Kamis, 13 Mei 2010

Fanfic The Future and the Past 30

-------------------------------------------------------------------------------------------------------------------------
THIRTIETH SCENE
*urutan dari kiri ke kanan: nama di QSD, nama asli, nama di FF)
Bidam: Kim Nam Gil (memakai nama asli di FF)
Deokman: Lee Yo Won (memakai nama asli di FF)
Han Ga In : (memakai nama asli di FF)
Yushin: Uhm Tae Wong, Kim Tae Wong as KNG brother
Lady Man Myeong : Im Ye jin : as Kim Nam Gil and Uhm Tae wong mother
------------------------------------------------------------------------------------------------------------------------


─Lee Yo Won, Seoul, 2008─

Aku tidak datang sendirian tentu saja. Dae Chi dan Ye Jin, beserta anak-anak klub karate menemaniku. Suasana berkabung sangat kentara. Semua yang hadir mengenakan baju berwarna gelap dan tangisan masih terdengar dari sudut ruangan, dari Mama Kak Tae Wong.

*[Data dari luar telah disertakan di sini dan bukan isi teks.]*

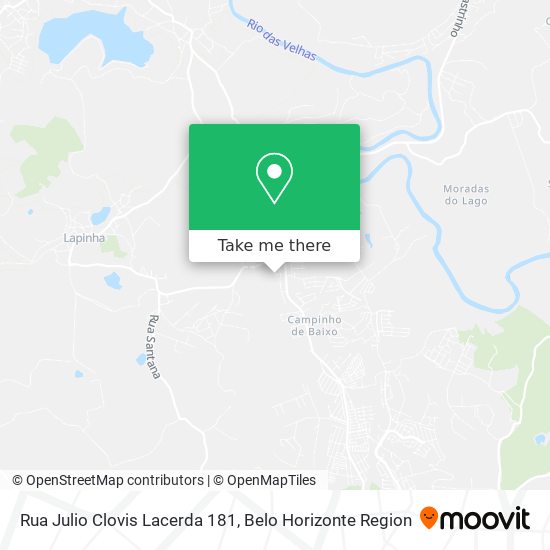 Rua Julio Clovis Lacerda 181 map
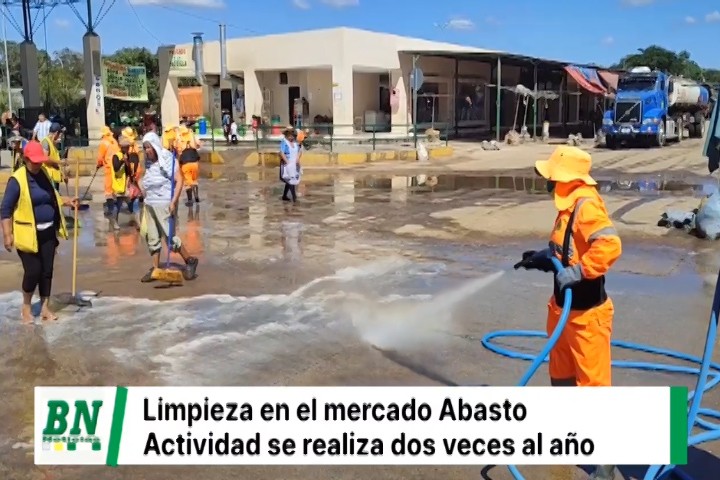 Lee más sobre el artículo Limpieza Mercado Mayorista Abasto usó 200 mil litros de agua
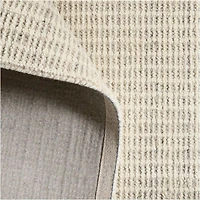 Lisbon Wool Grey Handwoven Area Rug 6'x9'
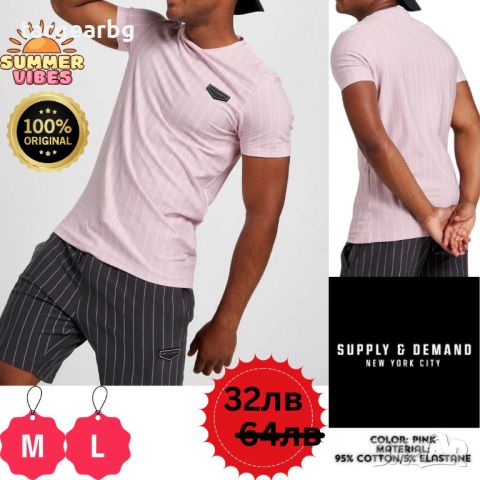 Мъжки Тениски Adidas Nike SikSILK Supply & Demand , снимка 1 - Тениски - 46230514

“Ngg…Kak…” aku mendengar Dae Chi maju lebih dulu dan menyapa lalu menyalai Kak Tae Wong dan Mamanya. “Aku turut berduka…”

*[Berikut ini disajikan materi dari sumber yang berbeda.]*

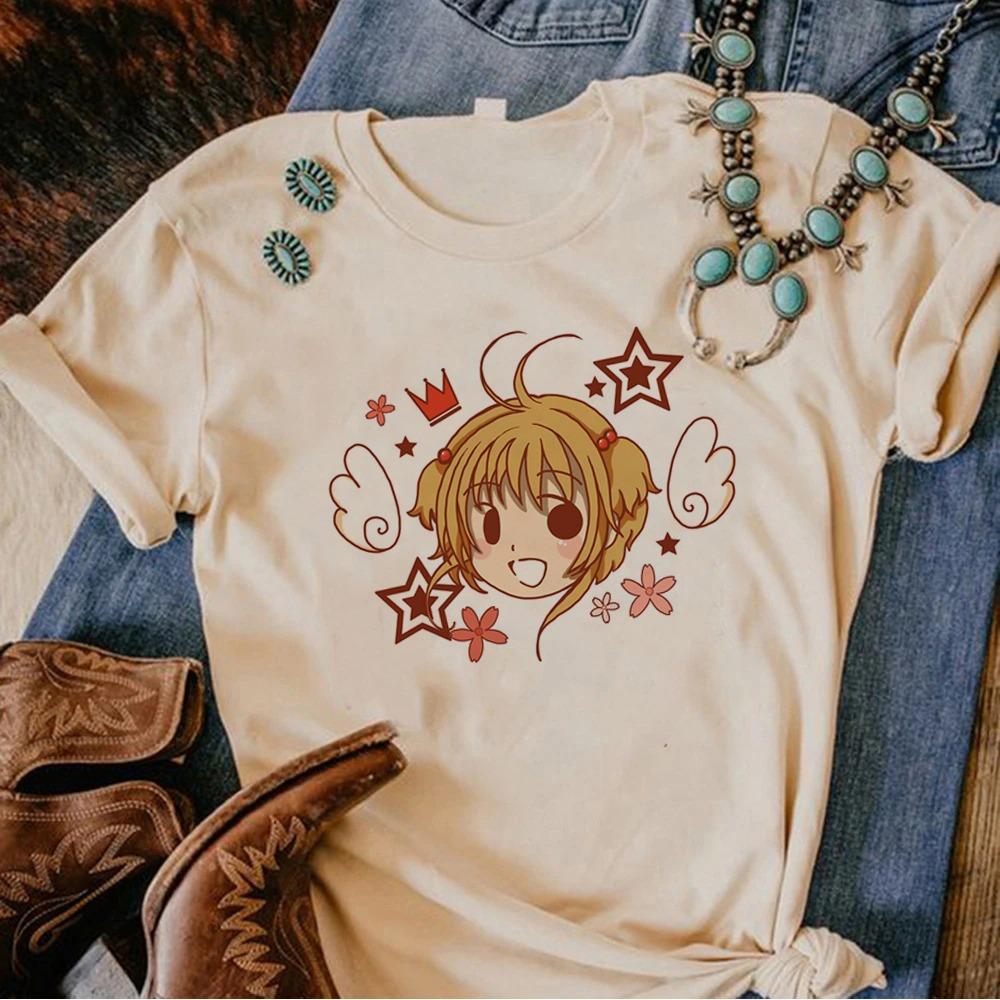 Футболки Cardcaptor Sakura женские дизайнерская футболка женская японская манга одежда y2k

“Terimakasih…” senyum Kak Tae Wong. Setelah melakukan hal yang sama, kukatakan pada Mama Kak Tae Wong kalau Mamaku akan datang nanti sore, dan ia mengangguk berterimakasih.

Ye Jin yang melihatku memandang sekeliling dengan bingung, lantas menyenggol bahuku. “Dia tidak ada?” tanyanya. Aku menggeleng. Apakah ia tidak diperbolehkan datang?

“Entahlah, aku mau mengambil minum dulu…” ujarku sambil bergerak ke ujung, tempat panitia membagikan minuman.

Dan disanalah dia, berdiri sendirian, tidak bergabung dengan anggota keluarga lainnya. Ia menatap ke arah peti mati itu dan sedang bicara dengan sosok yang kukenali dengan jelas. Han Ga In. mahasiswi yang sedang praktik mengajar di sekolahku, sekaligus teman SMA pria itu di Amerika.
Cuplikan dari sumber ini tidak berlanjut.